Your job as founder is to navigate through the treacherous startup waters with one goal in mind; stay afloat as long as possible giving you and your company an opportunity to actually discover a repeatable business model.
Here are 15 truths that you will wrestle with:
- That adrenalin that you operated on for the last 6 months will fade and then you have to actually build a business.
- Your co-founder is both brilliant and an idiot and you imagine the business both with them and without them.
- That one special feature that you have dreamt about for months is probably not going to be the core of your business next year.
- The number of micro-tasks that invade your day is overwhelming.

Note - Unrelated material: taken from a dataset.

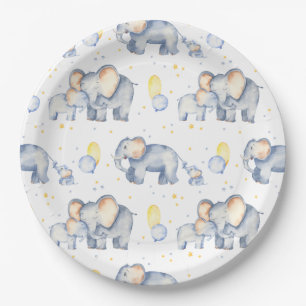Cute Elephant met Baby shower Waterverf van mama Papieren Bordje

- You will have a moment every day where your inner voice will shout, “you have no idea what you are doing”.
- Your current customers are 1 Nano-second away from abandoning you for some other product or service.

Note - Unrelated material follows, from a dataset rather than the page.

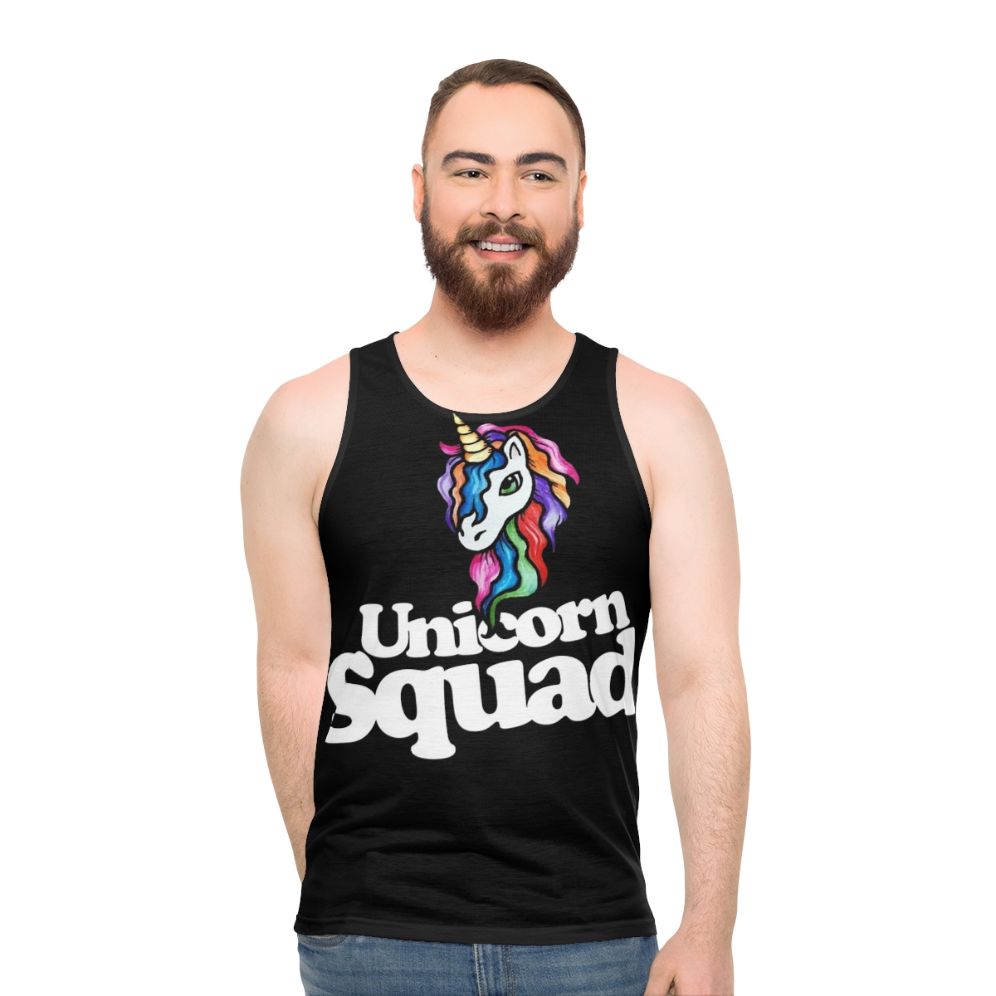 Retro unicorn squad unisex tank top - men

- That one mentor that has many many years of experience and that you rely on for in depth, personal, expert advice is only right half the time.
- You are completely overestimating your ability to raise outside capital.
- Sales people lie. (Well ,modestly fabricate a version of the truth.)
- Your first hire will be a complete bust–and it will be your fault.
- You have never spent more time on email in your life.
- Your family has no idea how to support you to the level you want.
- Some days you are so tired that you cannot even think.
- Your employees expect you to have very specific answers to their questions.
- It’s 5x harder than you ever expected.
Ready to leap? I hope so. The journey is magical and terrifying all at the same time. But you cant get better at this without actually doing it. Expectations set? Ready–set–leap!